IS cancels 50-lash punishment, lifts ban on bringing up Baghdadi’s death

A man purported to be the reclusive leader of the militant Islamic State Abu Bakr al-Baghdadi has made what would be his first public appearance at a mosque in the centre of Iraq’s second city, Mosul, according to a film recording posted on the Internet on July 5, 2014, in this still image taken from film.
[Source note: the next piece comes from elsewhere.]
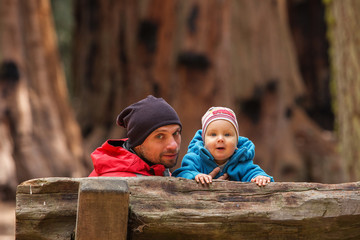 Father with infant son visit Sequoia national park in California, USA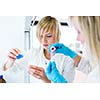 Two female researchers working in a laboratory (color toned image)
REUTERS/Social Media Website via Reuters TV

Tal Afar ( Islamic State has raised the ban on tackling the issue of the survival of the group’s supreme leader Abu Bakr al-Baghdadi , in west of Mosul.

“IS militants has lifted the ban on Baghdadi’s murder in Tal Afar town, located west Mosul, which indicates an indirect intention to confirm the news on his death in an airstrike few weeks ago in Syria,” a local source from Nineveh province, told AlSumaria News.

“The group canceled the punishment of 50 lashes over publicly tackles Baghdadi’s survival, a decision that was taken few days ago,” the source added indicating silence on Baghdadi’s death. “However, the recent decisions show that the leaders in Tal Afar received important information that made them cancel the ban.”

Earlier this month after the group ordered the 50 lashes punishment, the militans burnt a top leader to death in Tal Afar over charges of “stirring sedition” through suggesting Baghdadi’s possible demise during a Friday prayer sermon.

On Friday, the group reportedly distributed brief statement in Tal Afar, vowing to post a new audio recording for its leader to show he is still alive.

News reports circulated over the past few weeks have claimed that Baghdadi was killed in an airstrike in Syria.